** INFORMATION follows **

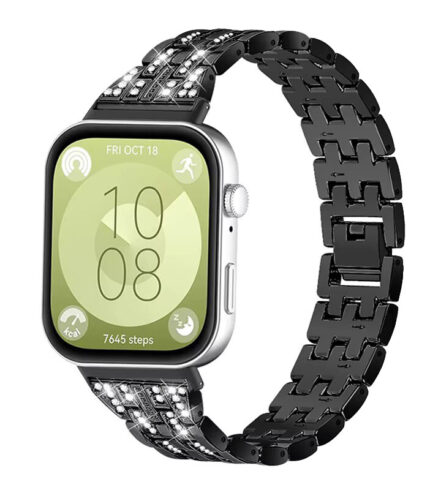 Huawei Watch Fit 3 strasszkő díszítésű fém óraszíj fekete 2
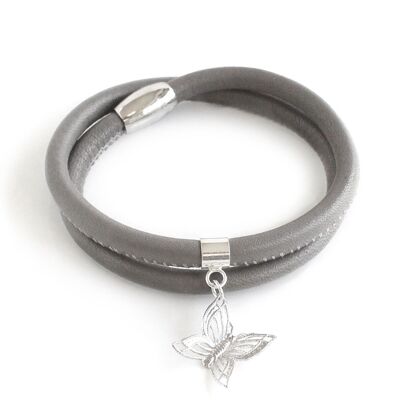 Bracelet cuir gris et papillon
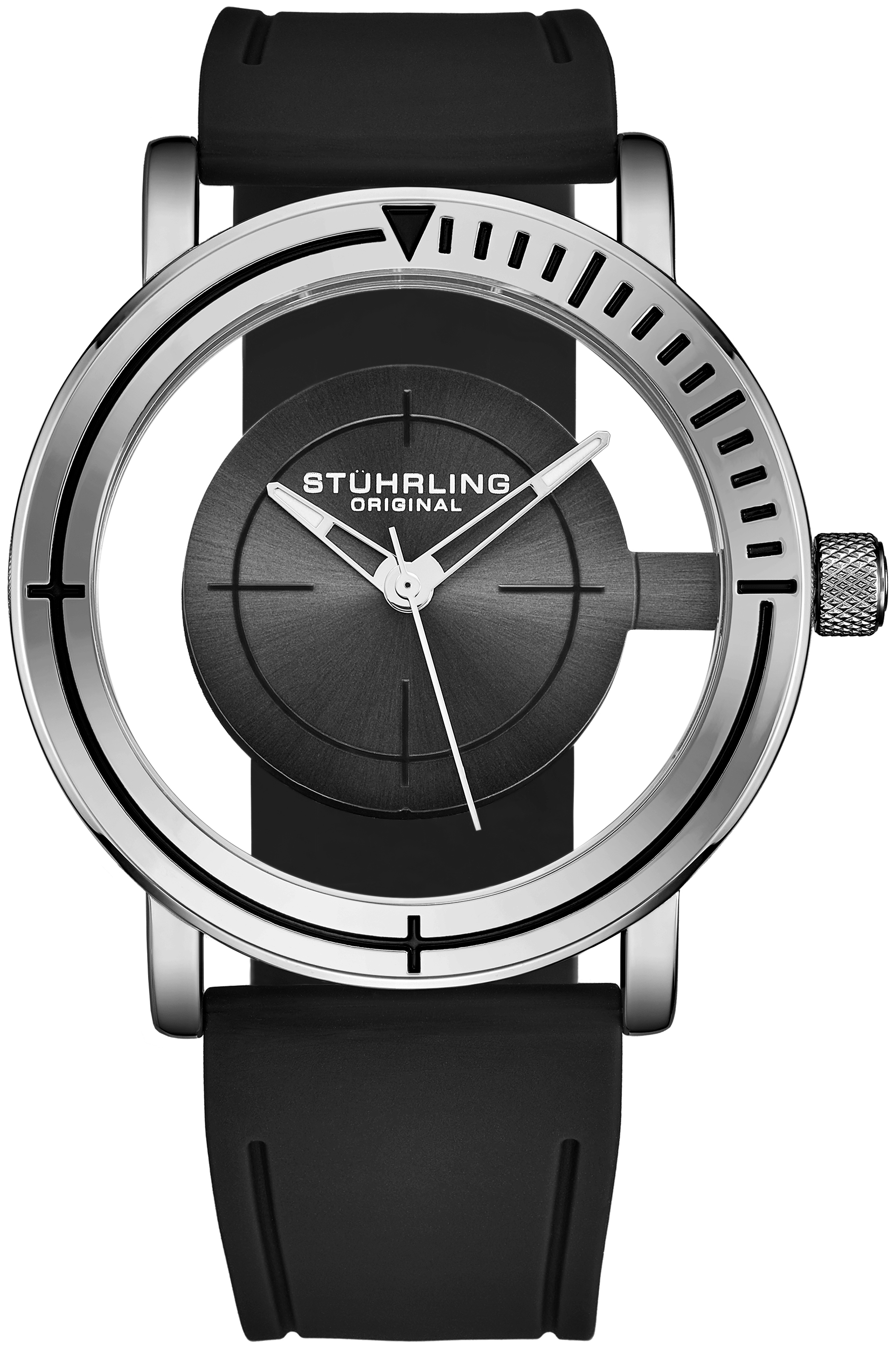 Stührling Original Herreklokke 3915.2 Classic Sort/Gummi Ø40 mm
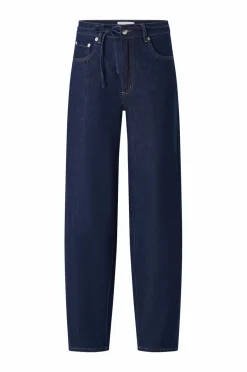 Hot Collection Jeans med brede ben og bindebånd i taljen Dame Jeans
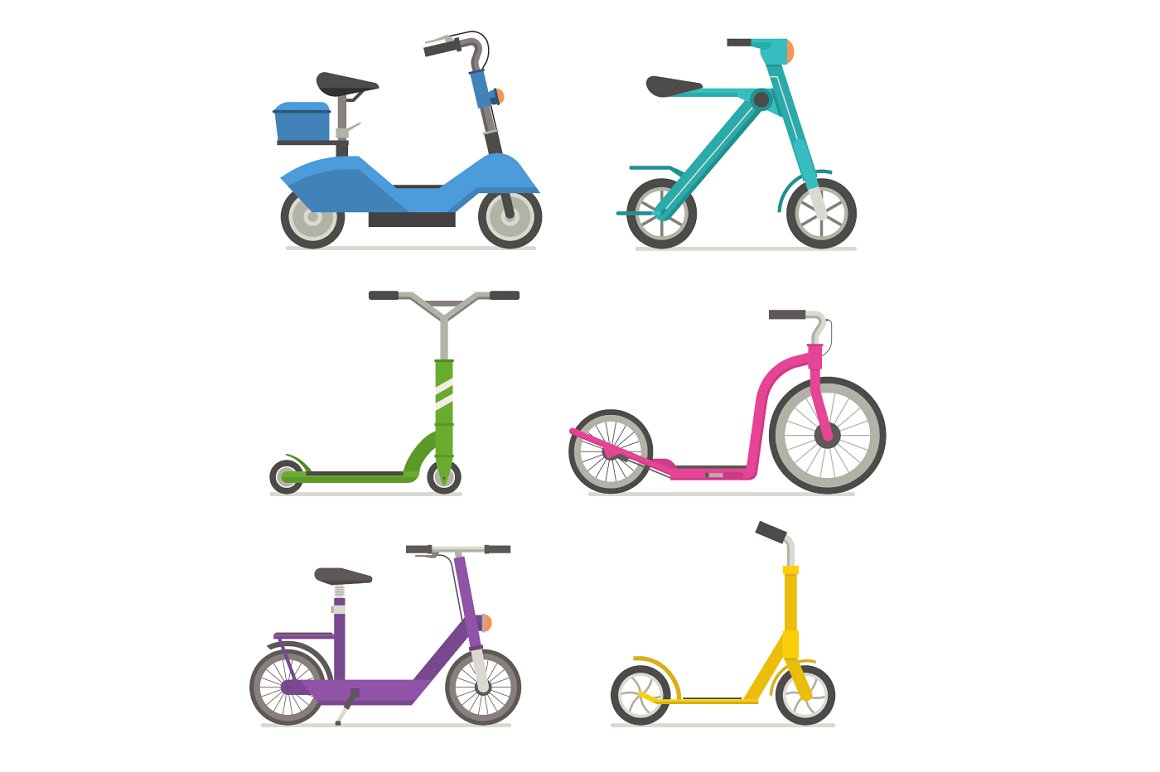 A set of 6 colorful push scooters on a white background.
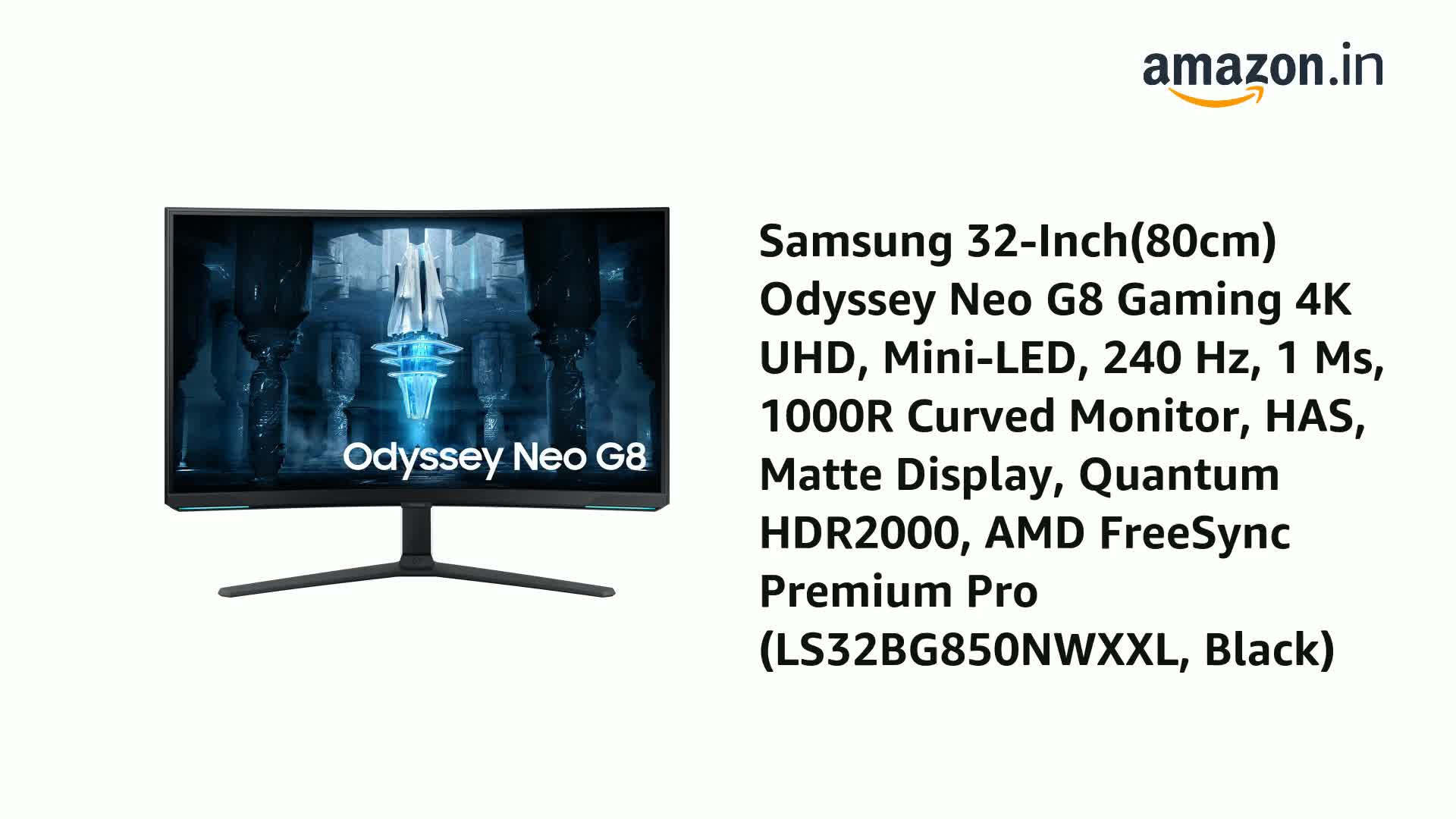 Samsung 32-Inch(80cm) 4K UHD Odyssey Neo G8 Gaming, 240 Hz, 1ms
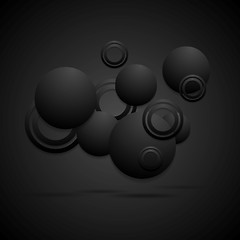 Image showing Black circles abstract background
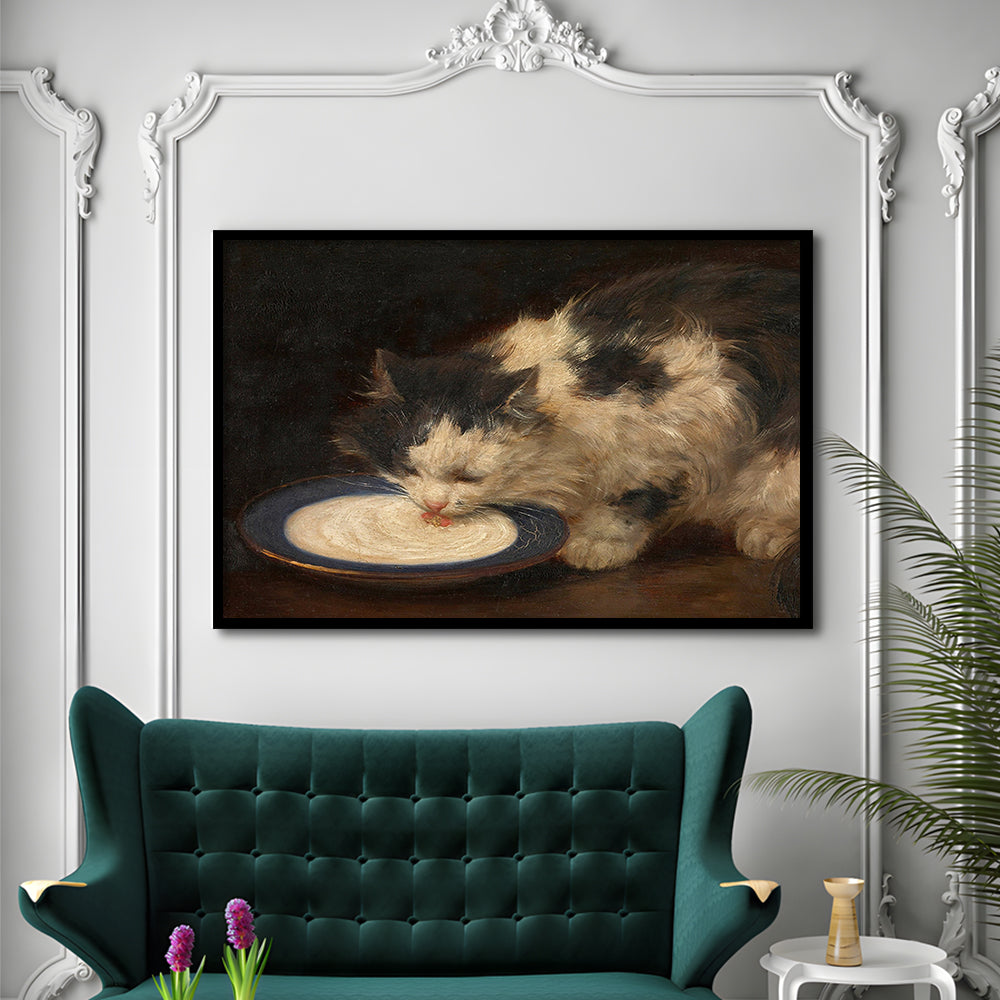 Delicious Milk Vintage Art Print Cute Cat Vintage Painting Antique Art, Framed Art Print Wall Decor, Picture Framed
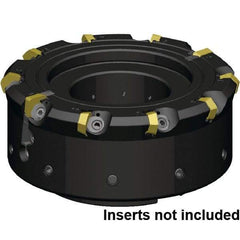 Kennametal - 8 Inserts, 80mm Cutter Diam, 1.09mm Max Depth of Cut, Indexable High-Feed Face Mill - 27mm Arbor Hole Diam, 50mm High, KCFM Toolholder, HDHN07008SR Inserts, Series KCFM - Best Tool & Supply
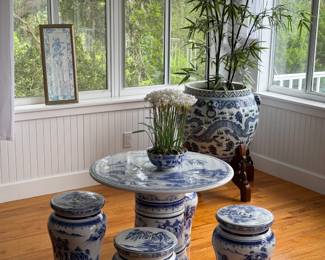 Vintage Chinese Porcelain Blue & White Table & 4 Stools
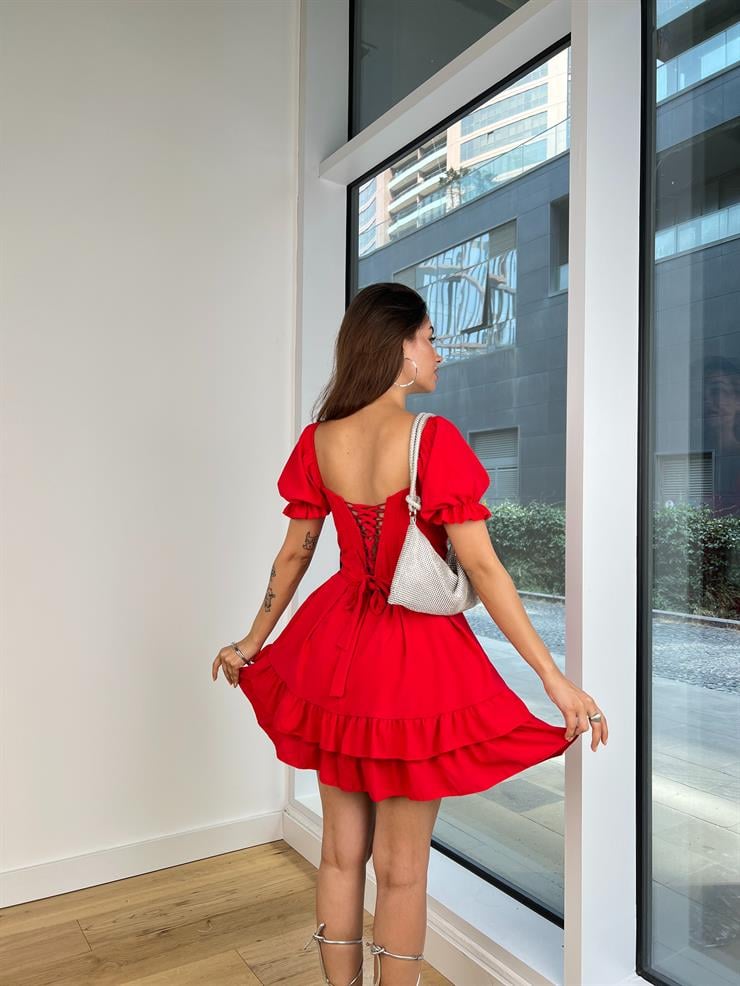 Göğüs Kısmı Büzgülü Önü Düğme Detaylı Balon Kol Ivo Kadın Kırmızı Mini Elbise 24Y803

** End of INFORMATION **

### [EXERCISE AIM]
Starting with the line that has "Bracelet cuir gris et papillon" and ending with the line that has "A set of 6 colorful", repeat the lines above exactly, omitting every picture.

### [RESPONSE AREA]
 Bracelet cuir gris et papillon
 Stührling Original Herreklokke 3915.2 Classic Sort/Gummi Ø40 mm
 Hot Collection Jeans med brede ben og bindebånd i taljen Dame Jeans
 A set of 6 colorful push scooters on a white background.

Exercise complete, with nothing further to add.